Bertin aux « Rencontres de Tharaux »

présentation par Philippe Geoffroy




Les 10 et 11 août 1976, Jacques Bertin, Jean-Max Brua, Gilles Elbaz, Jean-Luc Juvin, Jean Vasca, ainsi que Jean Lapierre, promu médiateur, se sont retrouvés à Tharaux (Gard), chez Vasca, pour parler chanson. Vasca, qui avait enregistré l’intégralité de ces deux journées, avait aussi eu la patience de les transcrire dans un verbatim de quelque 90 pages. Les extraits sont publiés avec son aimable autorisation.


Le verbatim témoigne du plaisir qu’avaient ceux-là à se retrouver, entre taquineries potaches et jeux de mots de carabins. Les propos du premier jour et de la matinée suivante sont assez largement consacrés aux dimensions plus proprement artistiques, ceux du dernier après-midi évoquent surtout la profession organisée. On est frappé par la grande franchise avec laquelle les uns se prononçaient sur les œuvres des autres, par la qualité des échanges, et par la passion qui anime les participants, à la mesure d’un temps historique singulier (un âge d’or de la chanson « poétique », une cohabitation musclée entre diverses sensibilités « de gauche »).


Le présent article, destiné à figurer dans une revue consacrée à Bertin, naturellement centré sur la participation de ce dernier, est à peu près uniquement composé d’extraits textuels de propos par lui tenus au cours de ces deux journées, que l’on a tenté de rassembler en quelques thèmes. La toute fin du texte présente les propos les plus significatifs tenus par les autres participants sur l’art de Bertin.




LA CHANSON SOUS LE REGARD DE BERTIN


Sujet lyrique contre music-hall.


Suite à l’audition d’Attaque à mots armés de Vasca, lequel indique qu’ayant l’impression de s’écrire, il a celle de faire toujours la même chanson, Bertin revendique une conception proche : « Ce qui différencie les auteurs des autres, c’est que les autres choisissent des thèmes et font des chansons dessus et ils ont des tours équilibrés comme on dit ; j’ai toujours trouvé abominable qu’un mec finalement puisse se dire : tiens je vais faire une chanson sur tel sujet […] Ça ne me choque pas du tout qu’on puisse dire d’un mec qu’il fait toujours la même chanson ; […] au contraire, [en] poésie écrite, il y a des gens qui en font toute une œuvre…ça ne gêne personne. Alors que dans la chanson on a tendance à se dire « ah dis donc il y a deux chansons qui se ressemblent […] comme si la chanson devait être un catalogue de toutes les possibilités […]. C’est la tradition du music-hall depuis un siècle. »
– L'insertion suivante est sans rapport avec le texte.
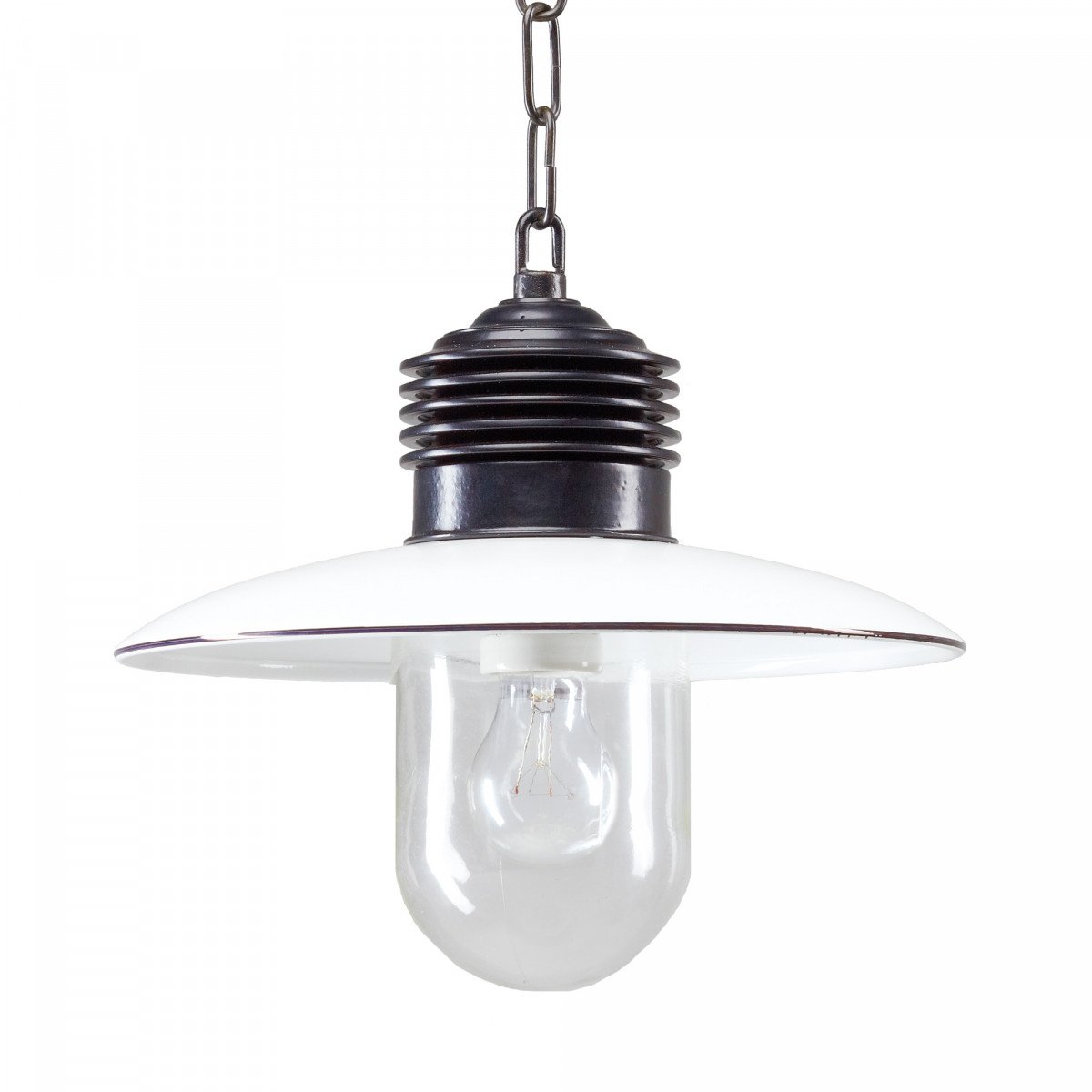 Stilvolle Retro Hängelampe mit Kette - Ampere Schwarz/Weiß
Pour l’émotion, contre l’abstraction.


« Je suis un peu choqué par le fait que, chez Vasca, il y a finalement très peu d’êtres vivants qui soient physiquement présent dans les chansons. Il y a une grande dose d’abstraction, de mots abstraits » . Et ensuite : « Moi, dans la poésie, je suis toujours plus ému lorsqu’il y a des être vivants et des sentiments […]. Je reconnais le talent de Guillevic mais ça me laisse assez indifférent, même René Char ». Quand Vasca revendique son écriture « non figurative » de la chanson, Bertin contre-argumente : « Dans une peinture non figurative, lorsque le peintre prend la décision de faire figurer l’homme […] il se trouve pris dans une contradiction terrible, il est obligé de faire éclater son truc ».


Souffle lyrique et travail du vers.


Après l’écoute de Le Vent aux ailes, Bertin estime que Gilles Elbaz « a le sens du lyrisme le plus évident dans nous tous ». Mais il lui reproche d’écrire « les choses les moins balancées du point de vue rythmique et des sonorités, dans l’écriture ; à tel point que quand il est rendu au bout de son vers on l’impression qu’il  est au bout de son souffle ». Et plus loin : « ses vers ne sont pas musicaux pour deux ronds ». Et Bertin d’y aller de quelques recommandations : « il gagnerait à [faire ses vers] moins grinçants, c’est-à-dire faire davantage le ménage, des sonorités, du rythme, des répétitions […] ; je suis pour les répétitions : la répétition de mots ou de groupes de mots donne un surcroît ».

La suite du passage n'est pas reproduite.